Tea Biscuits and Empire: The Long con of Britishness
British identity after the fall of the British Empire and control over their former territories and colonies fell to pop culture and creating this idea of “Britishness” as a way to alleviate colonial guilt but also maintain a sense of presence after losing their power.
Britain’s Legacy of Slavery and the Abolition of the Slave Trade and Slavery in Britain
Britain played a key role in the slave trade but abolished having slaves while keeping slavery as a system in its colonies. This allows for everyday British citizens to ignore the horrors of slavery.
The Slave Ship and readings “The Fallacies of Hope: Contesting Narratives of Abolition in Turner’s The Slave Ship”
Turner’s painting of the Slave Ship is considered a beautiful painting about the horrors of slavery.
Brace reading of it addresses the Zong Massacre and how the drowning bodies in Turner’s painting and the redemptive readings of it are harmful because it takes away the way that Turner himself is connected to slavery.
War of No Pity
Pinoy Rebellion/Uprising.
The uprising was demeaned/belittled as not relevant as it should be.

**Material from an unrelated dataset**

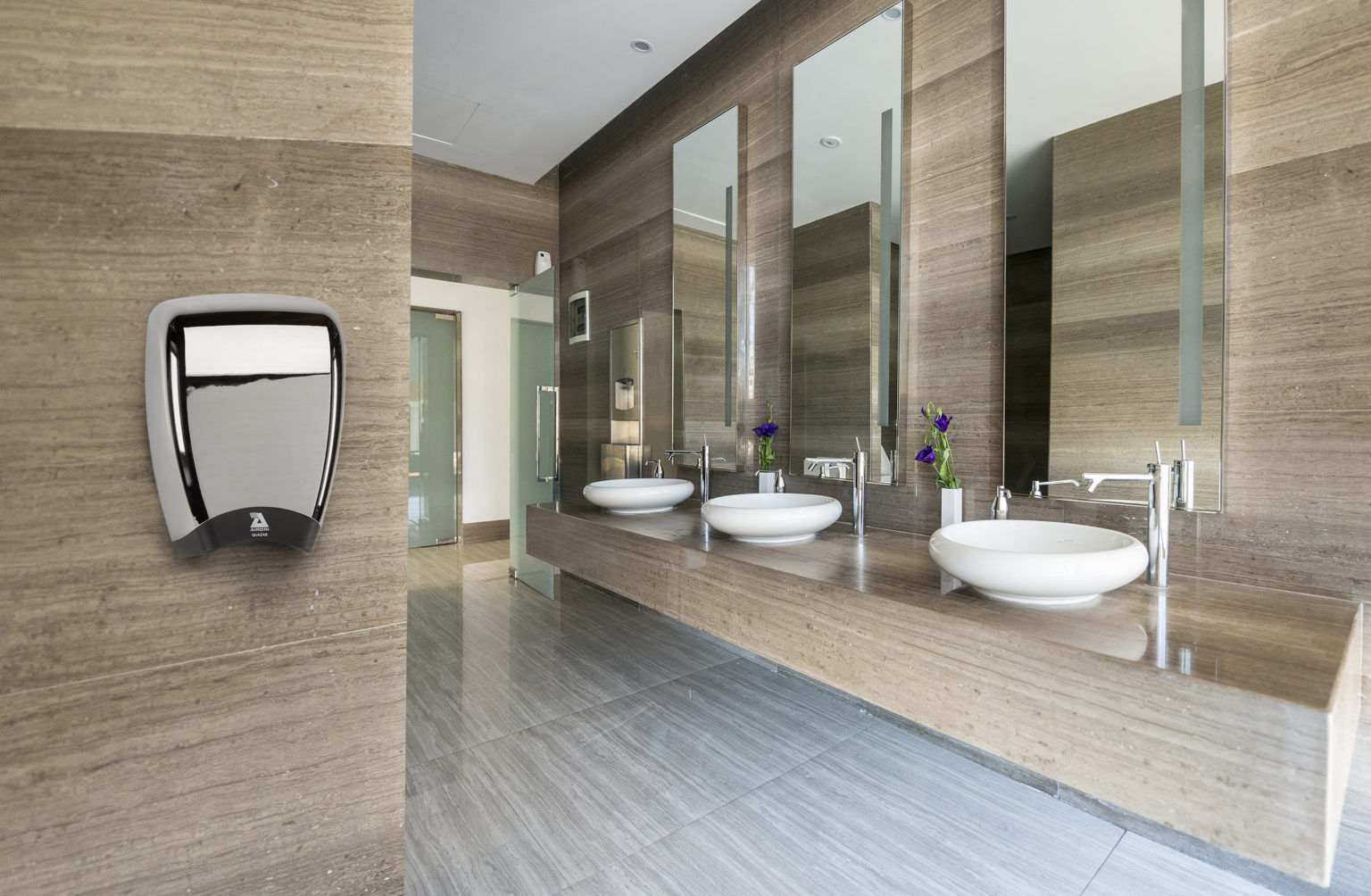 How to Create a More Sustainable Office Washroom by Reducing Plastic Waste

The uprising actually affected many British people’s outlooks on empire and shifted it from ignorance to acknowledgement that those colonized are not willing and consenting.
Empire
Hensley describes the way that empire is discussed and the imperial project. Critics dictate that it was about control and domination while supporters say there were benefits to the “Global South”
Kipling
Recessional
Kipling calls to God in this poem as a way to help as the British Empire in his eyes is crumbling.
The White Man’s Burden
Kipling’s poem describes the ways that imperialism and colonialism needs to happen for the empire in the context of helping their colonies/potential colonies because they are unable to help themselves.
If
Kipling lists what demands are needed for men in order to maintain their empire.
He is therefore creating and writing down what masculinity should be
He is also then aligning the power of the empire with what men need to be. Therefore men maintaining their masculinity is inherently tied to whether or not the empire lasts.
Gender/Masculinity/Queerness
The Beetle
Masculinity is tied inherently to the empire.
The weakness of the men in the novel allows for this foreign being to invade their bodies. Metaphor for fear of revenge from colonized subjects.
Ties queerness to weakness for men.
New Woman also a threat to the empire.
Internal threats (New Woman, queerness, etc.) translate into external threats (colonized subjects revolting).
The Runaway Slave at Pilgrim’s Point
Barrett Browning writes this poem from the perspective of a black enslaved women. She uses monologue as a way to dramatize this experience and induce empathy as part of the abolition movement.
The Margins of the Dramatic Monologue and Race and the Dramatic Monologue
Relating to Barrett Browning’s poem and how the use of dramatic monologue by a white woman about a black enslaved woman is a form of minstrelsy. Blurs the line between reality and puts white women in control of black female narratives.
Victorian Writings on the New Woman
The New Woman was the specific wave of feminism in the Victorian era where women were seeking economic freedom and equality with men. They were redefining womanhood and trying to enter the public sphere when women were previously relegated to the private/domestic sphere.
Politics of Recovery
The focus on women in imperialist projects is defined here both in the white English woman’s role and the way that imperialism will benefit colonized/Indian women.
Burdett Eugenics
Burdett argues that the New Woman belief system was based off of eugenicist beliefs. Specifically that they were trying to become equal to men and also hold off on marriage in order to make sure they are with a “good” man that will not pollute English bloodlines.